This LibGuide is to help you use the American Psychological Association (APA) style guide, which is frequently used for the social sciences including education, management, psychology, and the health sciences.
This guide can help you with the more fundamental tasks including:
1. Reference Formats - examples and explanations for citing your sources in the various formats for your References list
2. Formatting Your Paper - how to set up your paper including the margins, font, and your References list, and view a sample paper
3. In-text citations - also known as parenthetical notation - how to cite your references in the text of your paper
4. EndNote - bibliographic citation software, which can help format your citations and is freely available for download to CSS faculty, staff, and students
5. Ethically Use Sources - information on the College's academic honesty policy and turnitin, an online tool to detect where sources need to be cited
NOTE: This guide is in no way a replacement for the actual manual, which is several hundred pages long, and can be found in the Library on reserve or at a bookstore near you. Please consult the APA 6th edition manual for authoritative information in greater detail. Also feel free to talk with a librarian for more help.
- In the text of your paper, be sure to document at least two pieces of information each time you cite a source:
- The last name of the author or authors (or first words of the title if no author’s name is given).
- The year of publication of the source.
Here are some examples of APA in-text citations
Author named in your sentence:
Jones (2004) performed a detailed study on children’s eating habits.
Author cited in parentheses:
The study (Jones, 2004) examined children’s eating habits.
- Note: If you do not mention the author’s name in your sentence, the author’s name should be given in the parenthesis. Separate the author’s name and the year of the study with a comma.
Author and year listed in the sentence:
In 2004, Jones performed a detailed study on children’s eating habits.
- Note: No in-text citation is needed here because the author and the year of the study are listed in the sentence.
Specific citations of pages or chapters:
The study (Jones, 2004) found that “children tend to prefer grazing over set meal times” (p. 68).
The idea that “children tend to prefer grazing over set meal times” was documented in the study (Jones, 2004, p. 68).
- Note: It is acceptable to include the page number in a separate parenthetical reference.
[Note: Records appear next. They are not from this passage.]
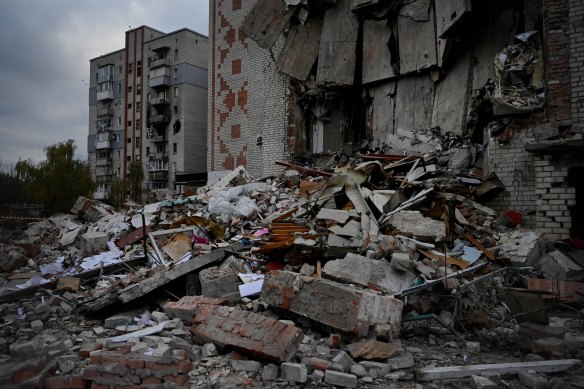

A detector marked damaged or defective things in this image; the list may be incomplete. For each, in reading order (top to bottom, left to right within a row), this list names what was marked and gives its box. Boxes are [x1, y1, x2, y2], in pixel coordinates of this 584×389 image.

broken door panel [238, 0, 290, 49]
broken door panel [276, 15, 322, 81]
broken door panel [318, 0, 358, 85]
broken door panel [362, 18, 400, 84]
broken door panel [396, 0, 438, 74]
damaged apartment building [89, 25, 210, 202]
broken door panel [370, 82, 396, 144]
damaged apartment building [210, 0, 584, 241]
broken door panel [392, 74, 434, 135]
broken door panel [432, 50, 472, 135]
broken wood beam [416, 358, 580, 378]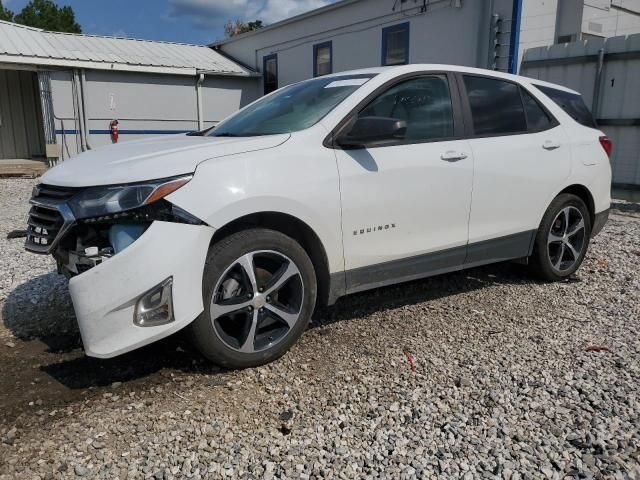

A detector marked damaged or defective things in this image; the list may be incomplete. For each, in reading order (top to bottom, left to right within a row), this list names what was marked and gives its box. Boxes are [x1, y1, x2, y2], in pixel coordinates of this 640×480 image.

damaged front bumper [68, 221, 212, 356]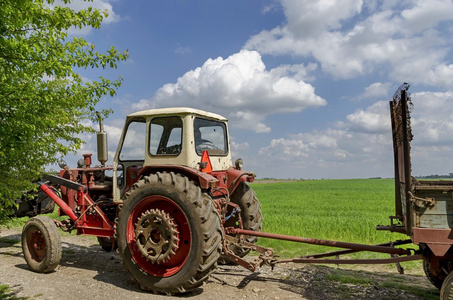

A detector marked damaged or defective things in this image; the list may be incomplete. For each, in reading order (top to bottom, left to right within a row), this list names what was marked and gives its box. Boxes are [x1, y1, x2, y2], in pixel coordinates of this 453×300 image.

rusty metal part [134, 209, 178, 262]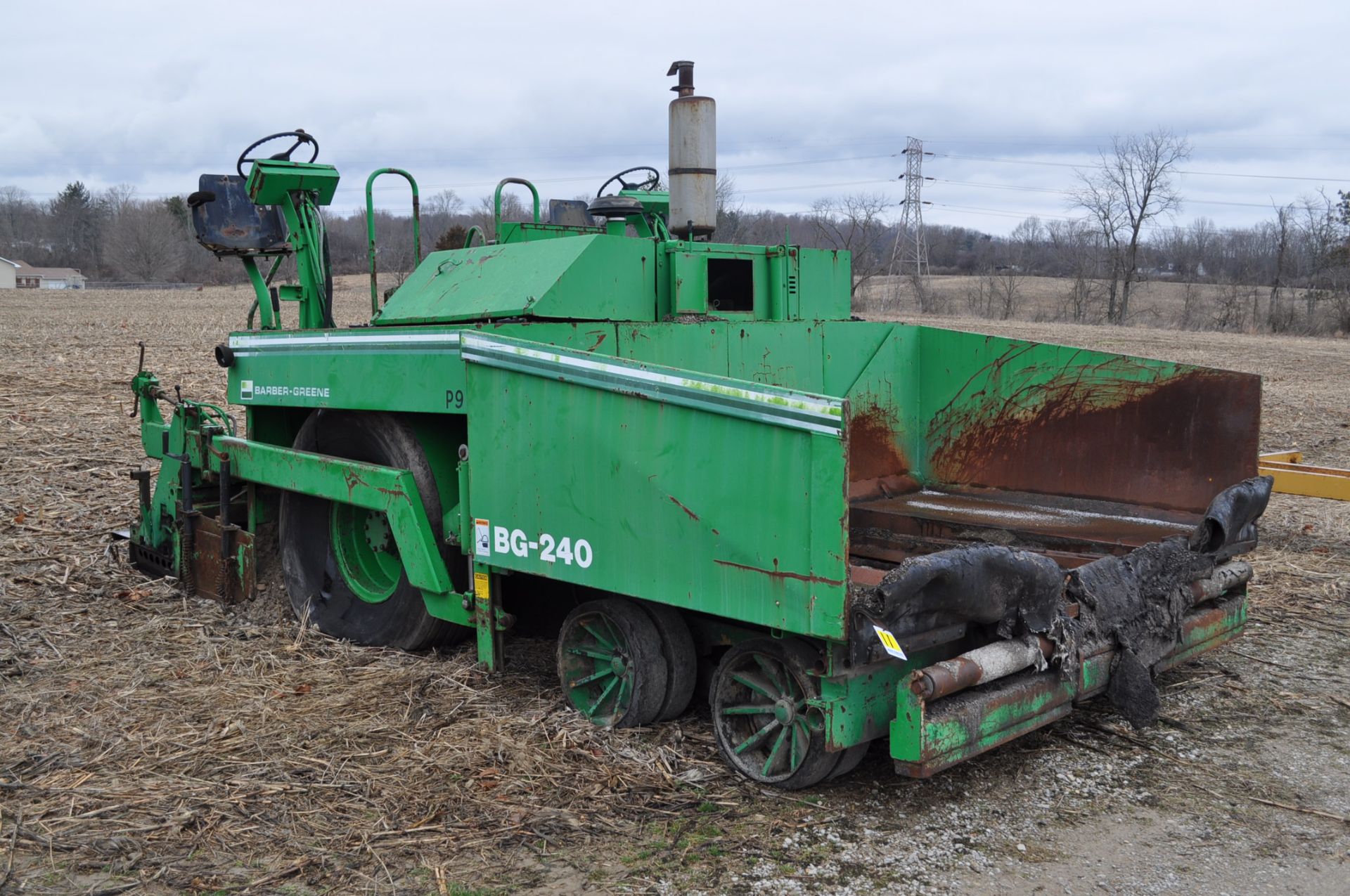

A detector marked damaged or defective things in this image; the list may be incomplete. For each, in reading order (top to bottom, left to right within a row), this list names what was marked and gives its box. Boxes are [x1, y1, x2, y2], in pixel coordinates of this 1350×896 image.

rust [849, 399, 911, 481]
rust [922, 354, 1260, 514]
rust [669, 492, 700, 520]
rust [712, 559, 838, 587]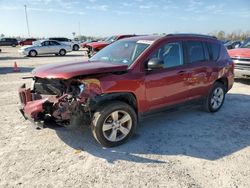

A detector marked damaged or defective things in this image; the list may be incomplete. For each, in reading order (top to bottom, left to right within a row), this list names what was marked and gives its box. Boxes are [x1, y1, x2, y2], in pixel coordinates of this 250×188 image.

crumpled front end [18, 77, 102, 129]
damaged red suv [18, 34, 233, 148]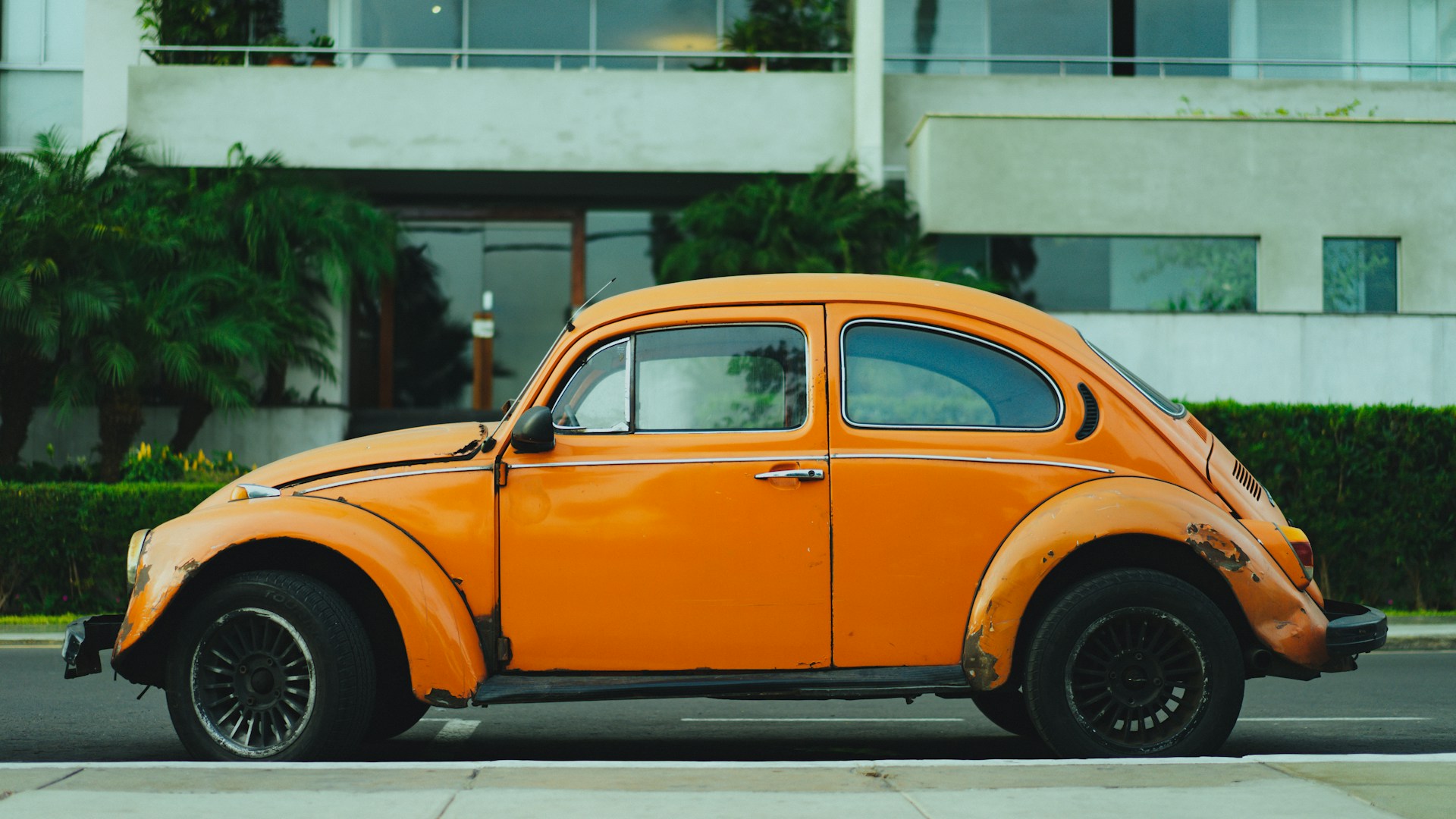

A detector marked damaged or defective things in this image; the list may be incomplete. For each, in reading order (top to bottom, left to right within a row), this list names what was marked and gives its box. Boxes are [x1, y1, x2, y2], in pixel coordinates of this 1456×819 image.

rust spot on fender [1182, 519, 1252, 571]
rust spot on fender [961, 626, 996, 685]
rust spot on fender [422, 685, 466, 705]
The page number can also be included in the parenthetical reference.
Source with two authors:
As Calhoun and Keller (1997) point out, “Income –based rankings are not the only measure of development” (p. 400).
Although income-based rankings are important, the “are not the only measure of development” (Calhoun & Keller, 1997, p. 400).
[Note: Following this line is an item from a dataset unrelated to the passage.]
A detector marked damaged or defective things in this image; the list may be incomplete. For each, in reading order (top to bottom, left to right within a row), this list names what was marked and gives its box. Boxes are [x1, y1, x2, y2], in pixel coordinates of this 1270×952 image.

- Note: When you include the authors’ names in your sentence, use the word “and.” If you use the names in the citations, use the ampersand (&).
Three to five authors:
The first time you mention the source, include it in your sentence and list all authors.
As Calhoun, Keller, and Litner point out,“Income –based rankings are not the only measure of development” (p. 400).
The next time you reference the source, name only the first author, followed by “et al.” in place of the other names.
Although income-based rankings are important, the “are not the only measure of development” (Calhoun et al., 1997, p. 400).